*Brief:* Your output consists solely of the lines from the one that contains "May include: A" to the end of the material, each reproduced exactly; pictures do not belong in it.

*Records shown:*
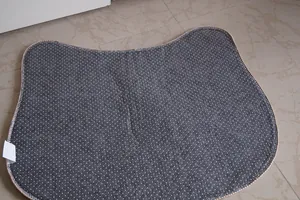 Detail of non-slip bottom texture and stitched edges on a cat-shaped door mat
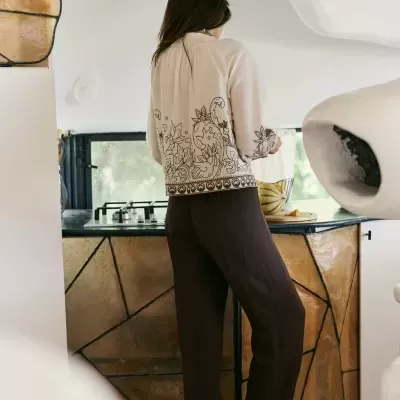 Pessoa de pé numa cozinha com blusa creme bordada e calças castanhas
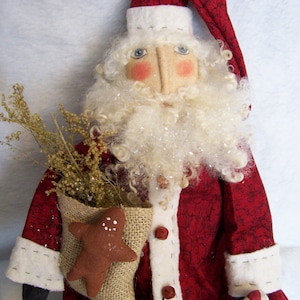 May include: A handmade rag doll Santa Claus wearing a red and white suit with a white beard and a gingerbread cookie in a burlap sack.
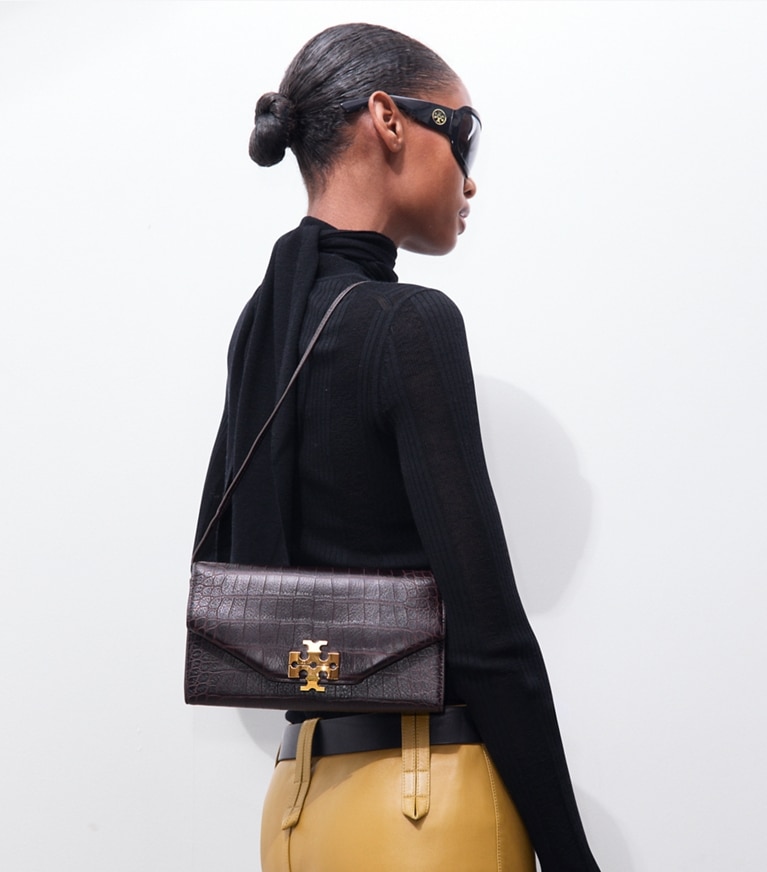 Tory Burch designer clutches Charlie Croc-Embossed Envelope Clutch in Chocolate additional on model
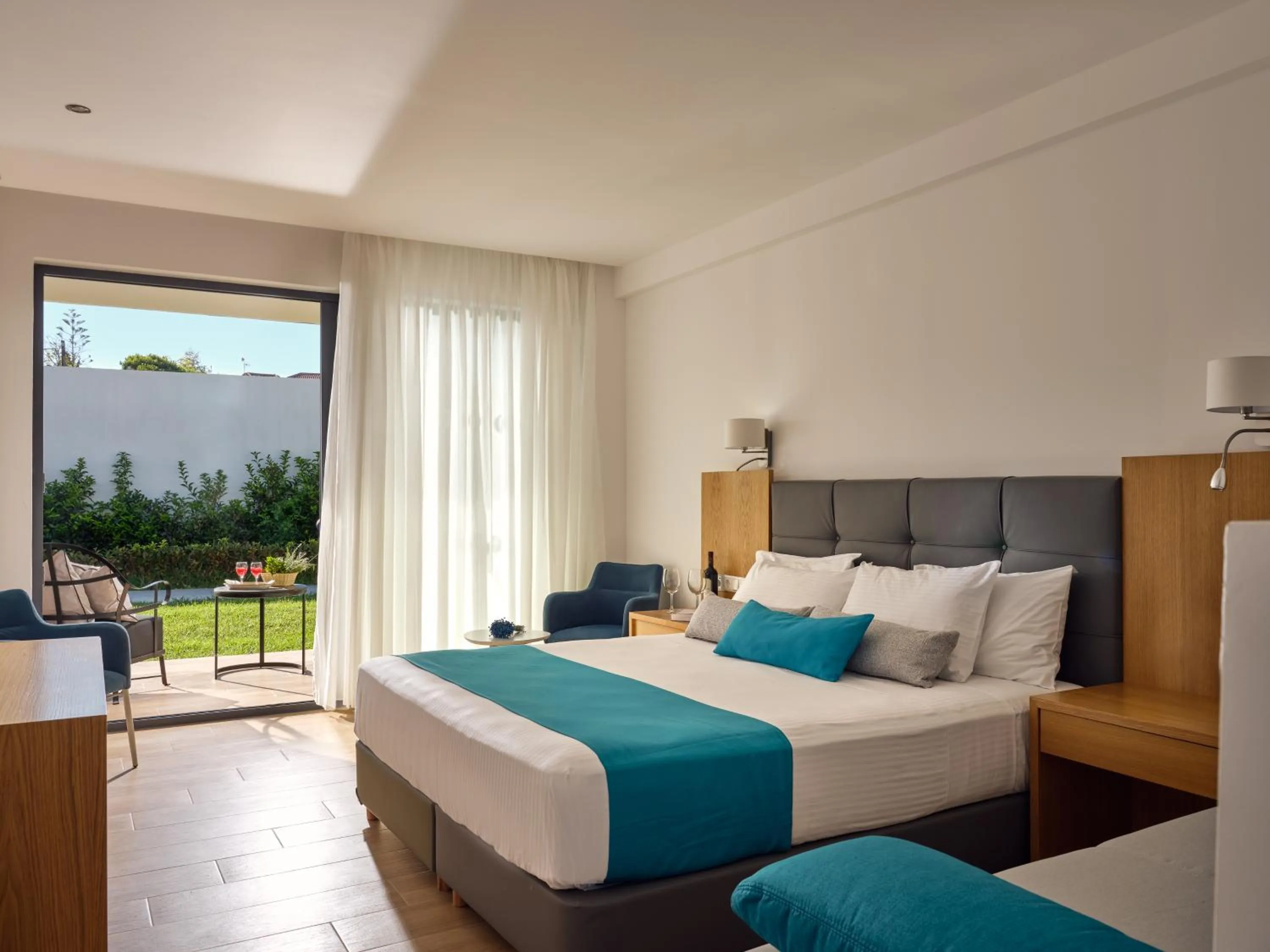Bedroom, Bed in Cavo Orient Beach Hotel & Suites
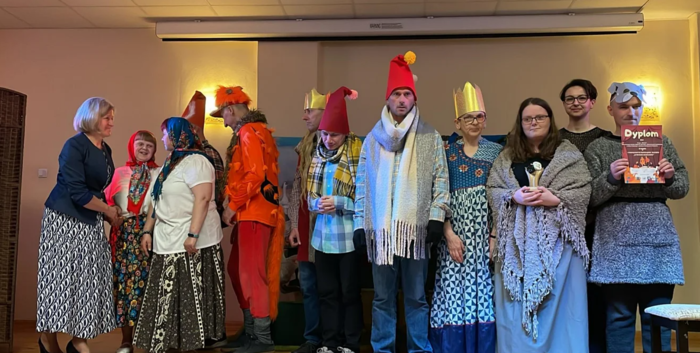 Pokaż zdjęcie: Na scenie dyplom i statuetkę odbiera jedna z grup teatralnych, przebrana za krasnoludki. 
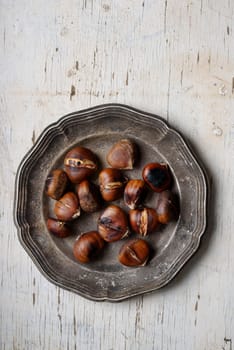 Roasted chestnuts in rustic silver plate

*Output of the task:*
 May include: A handmade rag doll Santa Claus wearing a red and white suit with a white beard and a gingerbread cookie in a burlap sack.
 Tory Burch designer clutches Charlie Croc-Embossed Envelope Clutch in Chocolate additional on model
Bedroom, Bed in Cavo Orient Beach Hotel & Suites
 Pokaż zdjęcie: Na scenie dyplom i statuetkę odbiera jedna z grup teatralnych, przebrana za krasnoludki. 
 Roasted chestnuts in rustic silver plate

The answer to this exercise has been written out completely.